Mellanox’s Lotto discussed taking latency out of networks by adding intelligence and compute within them.

“Traditionally, we had CPU-centric networks,” Lotto said. “The idea was that the network was basically a passive component of a cluster, that data was going to be delivered to end points in order for computation to take place. We’re trying to move toward a more data centric model for computing by enabling network devices to actually contribute to the computational load. We can offload a lot of the computational capacity from the CPU to the network.”

He cited a raft of technologies under development by Mellanox, including SHARP, SHIELD and other products, designed with the goal reducing the latency of communications frameworks like MPI down by an order of magnitude, to 3 or 4 microseconds.
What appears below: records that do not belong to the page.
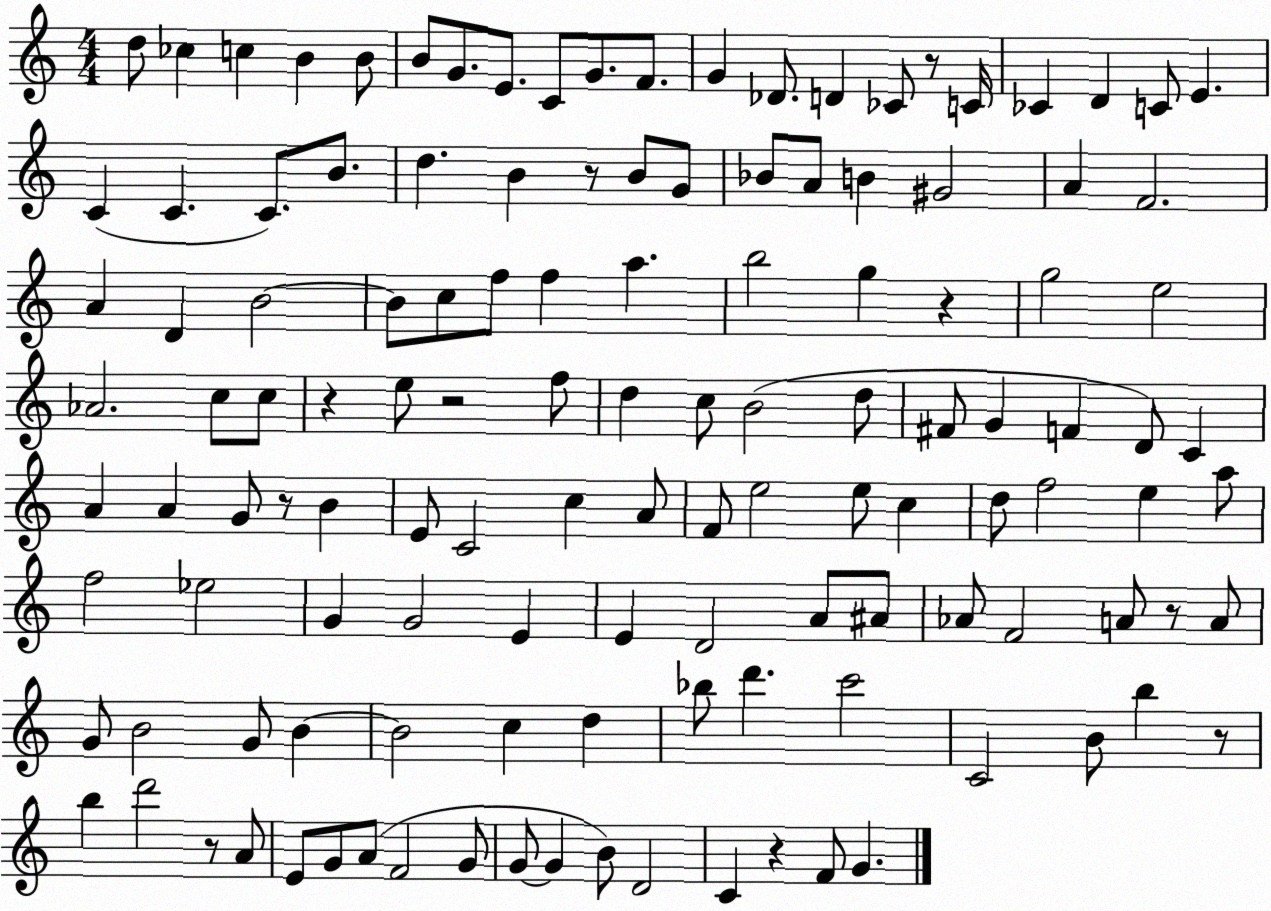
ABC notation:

X:1
T:Untitled
M:4/4
L:1/4
K:C
d/2 _c c B B/2 B/2 G/2 E/2 C/2 G/2 F/2 G _D/2 D _C/2 z/2 C/4 _C D C/2 E C C C/2 B/2 d B z/2 B/2 G/2 _B/2 A/2 B ^G2 A F2 A D B2 B/2 c/2 f/2 f a b2 g z g2 e2 _A2 c/2 c/2 z e/2 z2 f/2 d c/2 B2 d/2 ^F/2 G F D/2 C A A G/2 z/2 B E/2 C2 c A/2 F/2 e2 e/2 c d/2 f2 e a/2 f2 _e2 G G2 E E D2 A/2 ^A/2 _A/2 F2 A/2 z/2 A/2 G/2 B2 G/2 B B2 c d _b/2 d' c'2 C2 B/2 b z/2 b d'2 z/2 A/2 E/2 G/2 A/2 F2 G/2 G/2 G B/2 D2 C z F/2 G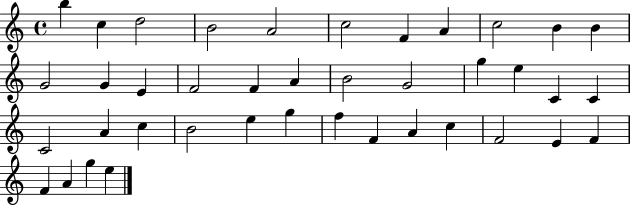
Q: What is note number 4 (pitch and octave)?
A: B4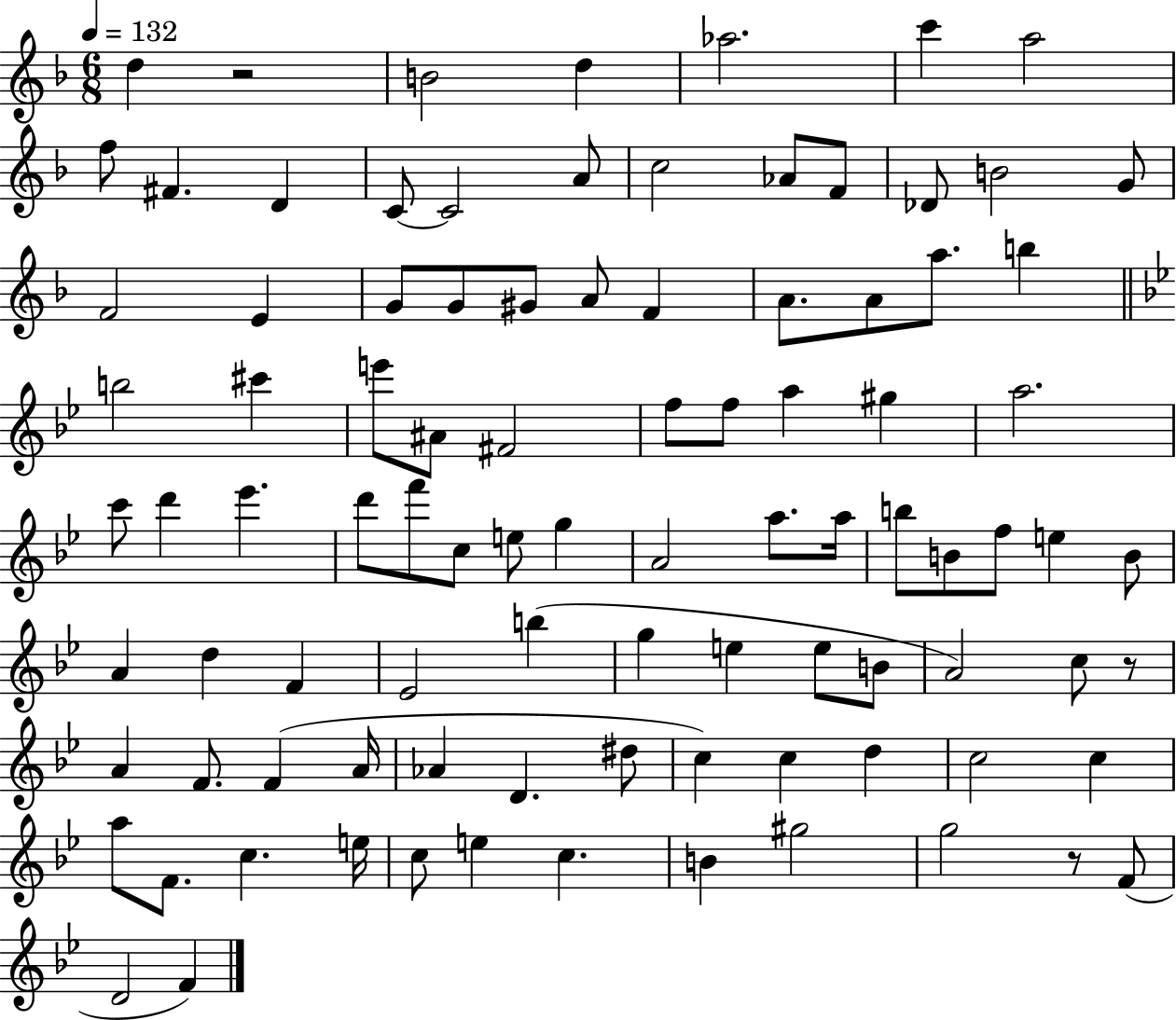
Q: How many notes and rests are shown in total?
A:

Lotto expanded on these remarks to say that while processing will go wherever data exists, there also will be “coexistence” of applications and workloads within a learning environment.

“We think exascale isn’t going to look like today’s systems in terms of usages,” he said. “It’s not just going to be simulation and modeling any more. It’s going to be simulation and modeling sitting alongside machine learning and AI, sitting alongside high performance data analytics. And not just the workloads coexisting but also interacting through workflows.”

He offered a hypothetical scenario in which a scientist is conducting real time analytics on a perishable sample, and then adjusting the scientific instrument based on data as it, in real time, comes to the scientist.

“Those are types of workloads we’re focusing on, and those have broad implications for systems architecture,” Lotto said. “Not just in terms of how they coexist and connect through resource managers, but also how we make those frameworks take advantage of the core compute and fabric that sits underneath.”

But Intel’s Magro emphasized the physical limits involved in architectural design and the choices that those limits force on vendors.

“We all have the same fundamental limits on how large a chip we can build, and that means we’re all forced to decide how to use that real estate,” he said. “So there’s a key tension, which is if I come up with something like a dedicated Tensor engine that’s wonderful and perfect for machine learning and I dedicate an area to that, by construction I’m harming the rest of HPC. So what we need to do is find the right balance of what will benefit the most from deep integration, what will be on a motherboard and what can be at the other end of the fabric. That’s where a lot of the tension is.”